The Staple Singers Biography

This well-known US family gospel group was formed in 1951 by Pops Staples (Roebuck Staples, 28 December 1914, Winona, Mississippi, USA, d. 19 December 2000, Dolton, Illinois, USA) and four of his children, Mavis Staples (b. 10 July 1939, Chicago, Illinois, USA), Cleotha Staples and Pervis Staples, who was later replaced by Yvonne Staples. The group fused an original presentation of sacred music, offsetting Mavis Staples’ striking voice against her father’s lighter tenor, rather than follow the accustomed ‘jubilee’ or ‘quartet’ formations, prevalent in the genre. Pops’ striking guitar work, reminiscent of delta-blues, added to their inherent individuality. Singles such as ‘Uncloudy Day’, ‘Will The Circle Be Unbroken’ and ‘I’m Coming Home’, proved especially popular, while an original song, ‘This May Be The Last Time’, provided the inspiration for the Rolling Stones’ hit ‘The Last Time’.

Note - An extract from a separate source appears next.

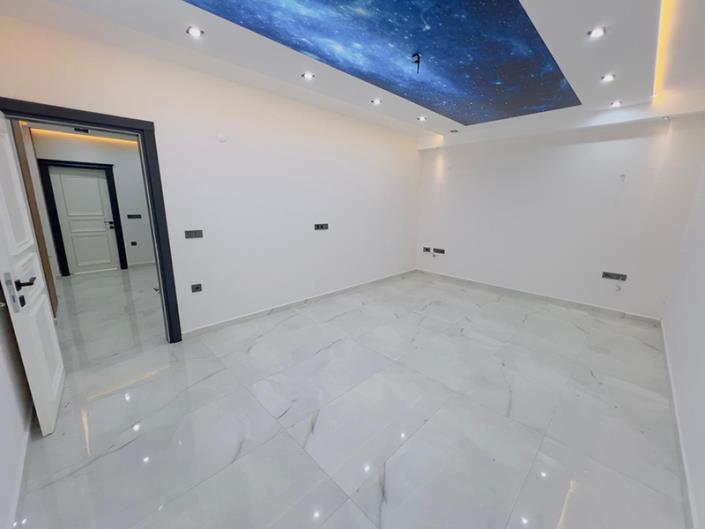 Image No.15-3 Bed Townhouse for sale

During the early half of the 60s, the group tried to broaden its scope. Two singles produced by Larry Williams, ‘Why (Am I Treated So Bad)’ and ‘For What It’s Worth’, a Stephen Stills composition, anticipated the direction the Staples would take on signing with Stax Records in 1967. Here they began recording material contributed by the label’s established songwriters, including Homer Banks and Bettye Crutcher, which embraced a moral focus, rather than a specifically religious one. Reduced to a quartet following the departure of Pervis, a bubbling version of Bobby Bloom’s ‘Heavy Makes You Happy’ (1970) gave the group their first R&B hit. This new-found appeal flourished with ‘Respect Yourself’ (1971) and ‘I’ll Take You There’ (1972 - a US pop number 1), both of which expressed the group’s growing confidence. Their popularity was confirmed with ‘If You’re Ready (Come Go With Me)’ (1973), ‘City In The Sky’ (1974), and by appearances in two movies, Wattstax and Soul To Soul.

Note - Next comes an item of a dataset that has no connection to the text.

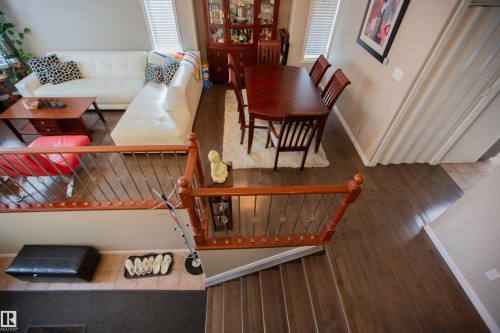 2817 40A Avenue, Edmonton, AB - Indoor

The Staple Singers later moved to the Curtom label where they had an immediate success with two songs from a Curtis Mayfield -penned film soundtrack, ‘Let’s Do It Again’ (another US pop number 1) and ‘New Orleans’. These recordings were the group’s last major hits although a series of minor R&B chart places between 1984 and 1985 continued their long-established ability to be both populist and inspirational. The group was inducted into the Rock And Roll Hall Of Fame in 1999. Pops Staples passed away the following December.